Powell also offered a glimpse of the mood inside of the FOMC’s fourth of eight regularly scheduled gatherings. The committee will assemble again at the end of July.
“Overall, our policy discussions focused on the appropriate response to the uncertain environment,” Powell said in his opening remarks on Wednesday. “The projections of appropriate policy show that many participants believe that some cut in the federal funds rate will be appropriate in the scenario that they see as most likely.
“Though some participants wrote down policy cuts and others did not, our deliberations made clear that a number of those who wrote down a flat rate path agree that the case for additional accommodation has strengthened since our May meeting.
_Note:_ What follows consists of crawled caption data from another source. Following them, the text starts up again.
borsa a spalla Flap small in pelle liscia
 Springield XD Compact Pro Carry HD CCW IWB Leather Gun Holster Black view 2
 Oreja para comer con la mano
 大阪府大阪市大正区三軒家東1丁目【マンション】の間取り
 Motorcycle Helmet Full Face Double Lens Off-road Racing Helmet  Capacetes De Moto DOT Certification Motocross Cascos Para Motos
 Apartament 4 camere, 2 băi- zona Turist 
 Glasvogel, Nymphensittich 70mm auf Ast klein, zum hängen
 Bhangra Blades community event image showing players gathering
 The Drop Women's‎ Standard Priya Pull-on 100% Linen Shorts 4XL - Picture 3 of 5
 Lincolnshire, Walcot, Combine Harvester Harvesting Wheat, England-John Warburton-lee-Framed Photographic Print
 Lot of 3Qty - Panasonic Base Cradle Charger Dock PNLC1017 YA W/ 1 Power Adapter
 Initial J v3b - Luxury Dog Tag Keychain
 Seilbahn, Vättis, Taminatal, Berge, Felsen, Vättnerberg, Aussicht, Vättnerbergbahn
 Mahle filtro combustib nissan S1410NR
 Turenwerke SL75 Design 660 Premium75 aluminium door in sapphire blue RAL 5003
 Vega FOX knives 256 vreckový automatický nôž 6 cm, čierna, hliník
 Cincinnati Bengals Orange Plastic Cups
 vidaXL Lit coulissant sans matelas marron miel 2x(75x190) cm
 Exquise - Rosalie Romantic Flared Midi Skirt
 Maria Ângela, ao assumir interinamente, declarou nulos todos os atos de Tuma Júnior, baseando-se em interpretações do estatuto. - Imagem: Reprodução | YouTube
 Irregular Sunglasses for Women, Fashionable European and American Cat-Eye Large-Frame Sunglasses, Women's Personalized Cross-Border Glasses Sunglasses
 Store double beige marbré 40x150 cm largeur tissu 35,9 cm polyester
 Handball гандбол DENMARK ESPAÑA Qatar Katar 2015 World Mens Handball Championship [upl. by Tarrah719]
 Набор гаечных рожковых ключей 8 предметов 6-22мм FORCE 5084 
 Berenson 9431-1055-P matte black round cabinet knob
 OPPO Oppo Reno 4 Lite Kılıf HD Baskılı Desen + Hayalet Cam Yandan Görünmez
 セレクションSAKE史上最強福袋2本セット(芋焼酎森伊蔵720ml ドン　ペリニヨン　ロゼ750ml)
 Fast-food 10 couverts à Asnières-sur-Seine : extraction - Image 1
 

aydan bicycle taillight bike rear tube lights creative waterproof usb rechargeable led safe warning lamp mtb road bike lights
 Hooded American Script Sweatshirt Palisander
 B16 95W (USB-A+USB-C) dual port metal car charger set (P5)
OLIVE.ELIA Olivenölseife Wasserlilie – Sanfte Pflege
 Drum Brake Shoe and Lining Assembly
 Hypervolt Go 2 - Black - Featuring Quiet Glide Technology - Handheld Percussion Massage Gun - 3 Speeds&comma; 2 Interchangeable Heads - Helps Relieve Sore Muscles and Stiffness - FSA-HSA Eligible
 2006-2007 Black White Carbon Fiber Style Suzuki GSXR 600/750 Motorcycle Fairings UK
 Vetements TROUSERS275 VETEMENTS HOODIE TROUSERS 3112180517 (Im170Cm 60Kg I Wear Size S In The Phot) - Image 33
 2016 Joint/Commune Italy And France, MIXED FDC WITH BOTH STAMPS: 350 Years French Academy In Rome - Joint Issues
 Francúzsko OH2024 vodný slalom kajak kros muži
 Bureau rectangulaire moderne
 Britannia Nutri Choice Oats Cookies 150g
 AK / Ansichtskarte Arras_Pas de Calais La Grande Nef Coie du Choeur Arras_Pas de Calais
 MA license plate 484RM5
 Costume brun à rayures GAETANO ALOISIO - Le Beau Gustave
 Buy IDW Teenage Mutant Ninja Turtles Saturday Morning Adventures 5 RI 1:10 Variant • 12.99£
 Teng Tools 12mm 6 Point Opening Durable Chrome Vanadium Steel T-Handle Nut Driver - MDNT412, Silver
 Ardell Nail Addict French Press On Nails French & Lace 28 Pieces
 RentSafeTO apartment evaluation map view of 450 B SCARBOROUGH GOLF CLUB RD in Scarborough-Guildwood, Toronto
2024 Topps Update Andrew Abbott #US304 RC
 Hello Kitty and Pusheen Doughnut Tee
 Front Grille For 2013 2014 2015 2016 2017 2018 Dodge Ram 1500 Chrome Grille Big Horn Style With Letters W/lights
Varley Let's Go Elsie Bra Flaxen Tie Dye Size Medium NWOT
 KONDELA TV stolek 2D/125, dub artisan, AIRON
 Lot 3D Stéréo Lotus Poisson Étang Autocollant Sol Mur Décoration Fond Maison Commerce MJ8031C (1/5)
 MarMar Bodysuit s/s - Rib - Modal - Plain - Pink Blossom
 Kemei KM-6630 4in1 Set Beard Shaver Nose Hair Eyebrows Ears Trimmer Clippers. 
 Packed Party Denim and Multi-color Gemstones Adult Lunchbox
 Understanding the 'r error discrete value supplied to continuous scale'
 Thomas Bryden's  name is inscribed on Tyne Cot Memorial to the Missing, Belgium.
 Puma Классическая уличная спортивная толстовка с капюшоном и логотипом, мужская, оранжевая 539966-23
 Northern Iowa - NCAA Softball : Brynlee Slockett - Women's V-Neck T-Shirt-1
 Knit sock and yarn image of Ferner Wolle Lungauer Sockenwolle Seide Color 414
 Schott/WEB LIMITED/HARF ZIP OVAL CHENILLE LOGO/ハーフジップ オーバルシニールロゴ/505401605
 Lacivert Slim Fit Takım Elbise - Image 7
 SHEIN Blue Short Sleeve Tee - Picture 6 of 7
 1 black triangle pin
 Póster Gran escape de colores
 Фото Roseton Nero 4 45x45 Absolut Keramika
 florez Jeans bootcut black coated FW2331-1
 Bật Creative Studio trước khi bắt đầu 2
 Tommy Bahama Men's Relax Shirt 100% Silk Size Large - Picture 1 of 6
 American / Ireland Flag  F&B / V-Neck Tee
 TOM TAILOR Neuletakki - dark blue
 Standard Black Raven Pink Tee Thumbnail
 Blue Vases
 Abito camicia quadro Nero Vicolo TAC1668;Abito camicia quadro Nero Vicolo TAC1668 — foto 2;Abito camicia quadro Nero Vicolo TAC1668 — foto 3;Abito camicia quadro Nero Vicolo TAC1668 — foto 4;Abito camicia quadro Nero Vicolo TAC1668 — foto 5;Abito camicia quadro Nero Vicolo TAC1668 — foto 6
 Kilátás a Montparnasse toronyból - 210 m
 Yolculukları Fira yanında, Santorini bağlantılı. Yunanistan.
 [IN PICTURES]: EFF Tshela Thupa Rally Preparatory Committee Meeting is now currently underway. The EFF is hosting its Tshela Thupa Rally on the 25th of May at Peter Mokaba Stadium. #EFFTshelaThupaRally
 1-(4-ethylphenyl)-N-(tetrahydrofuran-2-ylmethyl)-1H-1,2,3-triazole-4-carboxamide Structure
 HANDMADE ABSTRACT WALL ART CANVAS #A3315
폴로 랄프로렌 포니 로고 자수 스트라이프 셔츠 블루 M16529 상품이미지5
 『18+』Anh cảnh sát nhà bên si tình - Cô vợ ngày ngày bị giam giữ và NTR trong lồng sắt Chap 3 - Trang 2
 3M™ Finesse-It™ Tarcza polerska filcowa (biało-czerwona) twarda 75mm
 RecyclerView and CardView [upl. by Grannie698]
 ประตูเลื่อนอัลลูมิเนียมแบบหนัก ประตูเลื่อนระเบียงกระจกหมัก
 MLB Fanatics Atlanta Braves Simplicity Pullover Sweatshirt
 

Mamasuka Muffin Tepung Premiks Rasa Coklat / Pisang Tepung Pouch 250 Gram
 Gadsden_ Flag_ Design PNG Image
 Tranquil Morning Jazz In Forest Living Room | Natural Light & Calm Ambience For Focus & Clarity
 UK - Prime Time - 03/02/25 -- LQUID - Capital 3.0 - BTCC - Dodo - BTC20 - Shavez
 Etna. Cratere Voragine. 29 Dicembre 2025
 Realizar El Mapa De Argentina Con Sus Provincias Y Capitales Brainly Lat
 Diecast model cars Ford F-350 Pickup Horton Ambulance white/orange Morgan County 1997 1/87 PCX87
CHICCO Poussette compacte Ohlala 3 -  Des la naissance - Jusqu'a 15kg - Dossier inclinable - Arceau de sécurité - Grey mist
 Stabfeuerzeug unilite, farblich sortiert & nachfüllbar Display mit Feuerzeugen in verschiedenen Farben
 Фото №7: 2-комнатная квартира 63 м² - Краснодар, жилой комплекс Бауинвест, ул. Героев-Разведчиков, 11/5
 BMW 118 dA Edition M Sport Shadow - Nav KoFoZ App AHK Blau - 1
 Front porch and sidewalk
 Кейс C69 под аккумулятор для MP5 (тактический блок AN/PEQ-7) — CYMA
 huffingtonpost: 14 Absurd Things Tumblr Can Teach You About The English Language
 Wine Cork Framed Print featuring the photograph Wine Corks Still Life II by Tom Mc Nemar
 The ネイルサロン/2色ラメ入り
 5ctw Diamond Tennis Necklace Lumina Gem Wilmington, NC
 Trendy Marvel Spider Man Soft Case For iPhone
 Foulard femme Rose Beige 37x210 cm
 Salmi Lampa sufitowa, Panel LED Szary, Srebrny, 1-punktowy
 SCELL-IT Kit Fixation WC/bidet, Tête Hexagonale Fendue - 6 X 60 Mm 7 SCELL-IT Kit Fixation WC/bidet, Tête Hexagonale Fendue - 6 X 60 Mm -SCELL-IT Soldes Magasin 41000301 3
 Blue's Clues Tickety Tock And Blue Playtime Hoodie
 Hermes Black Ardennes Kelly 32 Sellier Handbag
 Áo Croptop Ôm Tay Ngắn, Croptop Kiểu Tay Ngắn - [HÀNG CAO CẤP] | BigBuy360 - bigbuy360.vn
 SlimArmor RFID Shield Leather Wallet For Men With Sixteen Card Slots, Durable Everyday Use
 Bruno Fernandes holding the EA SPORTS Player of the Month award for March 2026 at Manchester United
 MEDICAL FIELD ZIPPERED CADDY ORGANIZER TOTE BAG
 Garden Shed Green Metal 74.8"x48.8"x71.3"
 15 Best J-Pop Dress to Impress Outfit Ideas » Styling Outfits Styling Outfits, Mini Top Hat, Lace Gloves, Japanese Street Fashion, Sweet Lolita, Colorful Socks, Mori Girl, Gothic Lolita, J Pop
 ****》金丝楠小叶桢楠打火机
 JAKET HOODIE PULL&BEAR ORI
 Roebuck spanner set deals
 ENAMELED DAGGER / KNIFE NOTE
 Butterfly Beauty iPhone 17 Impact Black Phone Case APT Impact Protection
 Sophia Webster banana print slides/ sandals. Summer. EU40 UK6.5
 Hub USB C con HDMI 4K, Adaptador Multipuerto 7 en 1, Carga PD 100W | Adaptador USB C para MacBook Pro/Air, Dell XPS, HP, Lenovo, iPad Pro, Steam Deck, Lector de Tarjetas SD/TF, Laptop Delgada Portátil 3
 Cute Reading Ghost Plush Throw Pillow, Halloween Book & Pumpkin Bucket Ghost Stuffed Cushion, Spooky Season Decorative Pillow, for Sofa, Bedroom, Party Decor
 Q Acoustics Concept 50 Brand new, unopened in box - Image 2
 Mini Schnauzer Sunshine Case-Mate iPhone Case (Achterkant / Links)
This added accommodation would support economic activity and inflation’s return to our objective,” he went on to say.
What might the Fed do during the heat of summer? Perhaps Powell shared what could be in store.
“Uncertainties surrounding the baseline outlook have clearly risen since our last meeting. It is important, however, that monetary policy not overreact to any individual data point or short-term swing in sentiment. Doing so would risk adding even more uncertainty to the outlook,” he said.
“Thus, my colleagues and I will be looking to see whether these uncertainties will continue to weigh on the outlook. And, we will use our tools as appropriate to sustain the expansion,” Powell went on to say.
It might behoove dealerships and auto finance companies to watch the Fed’s future actions as consumers are seeing higher costs to purchase a vehicle when financing is needed to complete delivery.
According to a blog post from Cox Automotive chief economist Jonathan Smoke, financing data from Dealertrack through the first portion of June showed the average rate on new-vehicle financing rose to 6.54%, up 23 basis points over May. The average used-vehicle rate moved 12 basis points higher from May to 9.96%.
“Credit is tightening for auto loans as lenders demand a higher risk spread,” Smoke wrote. “That tightening is offsetting the downward movement in market rates, so the consumer is not seeing better rates.
“Combine higher rates with higher sticker prices, less discounting and lower incentives and it is easy to understand why retail new-vehicle sales are down 4% so far this year,” he continued.
“It is even worse for subprime borrowers,” Smoke went on to say. “So far in June, the average rate on a subprime new vehicle loan is 17.93%, up more than a full point from May and more than 130 basis points from a year ago. This is why the action we are seeing in subprime year to date is in used financing and in leasing.
“The Fed often cuts rates before a recession begins, but by the time they do, it is too late to have a stimulating effect. We may be at that point in this cycle,” Smoke concluded.